Suddenly the doors slammed shut with a loud bang. Looking out a back window it was solid black; the tops of the Australian pines bordering their property were bending over, their tops touching the ground.

"God gave us a warning," said Jeremy Setters Jr.

But not much time to react.

The house began to shake, the noise so loud "you couldn't hear," Kim Setter said. "You can't even think that fast."

Enriquez and Jeremy shouted to Allison to get herself and the baby into the bathtub.

A back window shattered and glass sprayed through the house. In addition to the roaring wind -- "it does sound like a train," Jeremy said -- the family could hear tearing, thudding, and loud crashes.

It was about then, Kim Setter said, seconds after the front doors had slammed shut, the door she had just backed away from blew out of its frame and flew across the lawn. "The roof peeled off like paper," she said. "I watched my house going everywhere."

That's when the mobile home rose into the air and slammed back to the ground.

As suddenly as it arrived, the tornado was gone. The strong odor of burning wiring filled the house, smoke seeped from the walls. Kim rushed to the breaker box snapping off circuits.

Little A. J. was calm in his mother's arms. Allison was in shock.

The family went out to assess the damage. Part of the roof was in the side yard, part of it was in the front yard, part of it was across the street in a neighbor's yard.

The back window of Enriquez's car, which he'd just bought, had been speared by a board.

Other boards stuck out of the ground like arrows that had missed their targets.

The dryer and the inside of the washing machine were in the front yard, having been blown up and over the house from their cement pad by the back door.

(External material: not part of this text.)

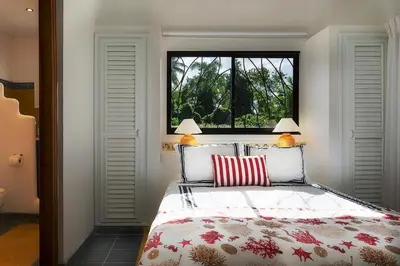 a bedroom with a bed and a window at Condo Hotel Playa Las Ballenas in Las Terrenas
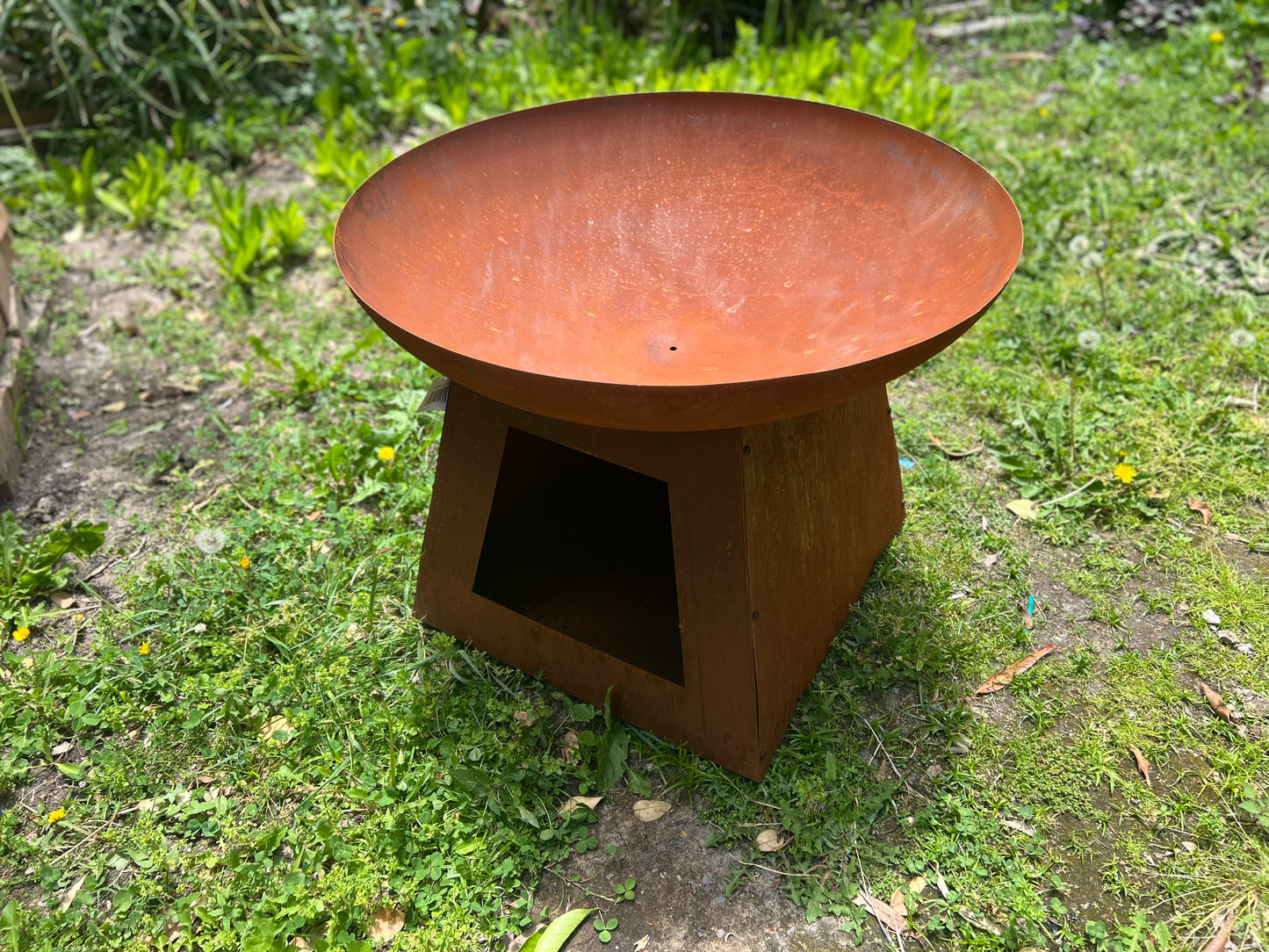 Large 80cm Wok Style Firepit with Tapered Base can store firewood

The outside of the washing machine lay in the neighbor's yard across the street, next to the roofing.

Bits and pieces of the family's life were scattered everywhere -- a shoe, the baby's swing, a chair, a table, fishing poles. A bath towel hung neatly on a broken roof beam, as if set out to dry.

The pipes to the washing machine had been sucked up with the machine; electrical wiring was ripped and dangerous. One wall had separated from the floor, half the roof was gone, and the house torn off its foundation.

The only saving grace, said Jeremy Setter Sr., who had rushed home from work, was that "everybody was OK."

He is also grateful for friends, one of whom put the family up in motel Sunday night. His employer, Triple-G Dairy, is putting the family into one of the houses at the dairy until they can make permanent arrangements.

The house is damaged beyond repair. They have to find homes for their three dogs. Their insurance company is being difficult.

"We're trying our hardest out here," said Kim. "It's not like I have a bank account full of money."

The wind picked up at that moment. One of the dogs stopped in its tracks, faced into it, his nose quivering, his ears back, his body tense.

Everyone looked toward the south.

Kim crossed her arms as it began to rain. "I'm going to looking up into the sky from now on," she said.